◆ **Exercise data**
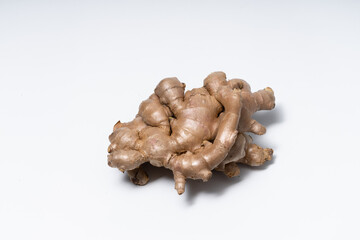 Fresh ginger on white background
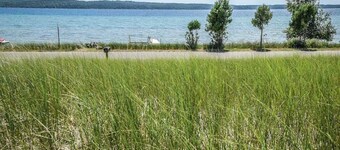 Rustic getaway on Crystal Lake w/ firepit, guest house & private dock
==
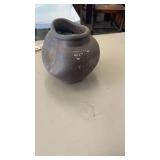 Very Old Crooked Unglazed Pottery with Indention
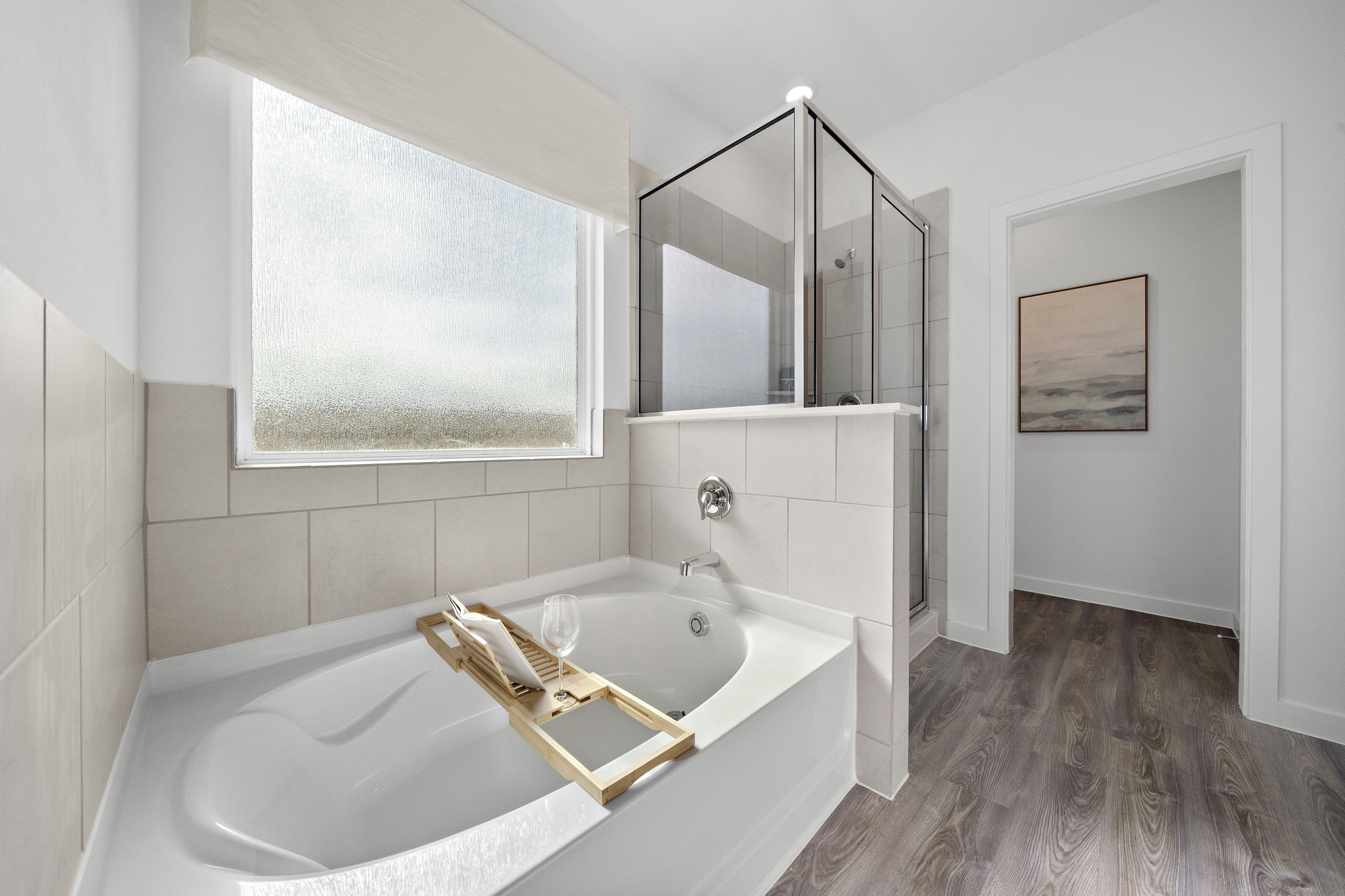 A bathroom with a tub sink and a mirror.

◆ **Assignment**
The material above holds pictures; leave them out. Repeat exactly the lines from the one containing "Fresh ginger on white background" through the one containing "Rustic getaway on", and nothing else.

◆ **Written answer**
 Fresh ginger on white background
 Rustic getaway on Crystal Lake w/ firepit, guest house & private dock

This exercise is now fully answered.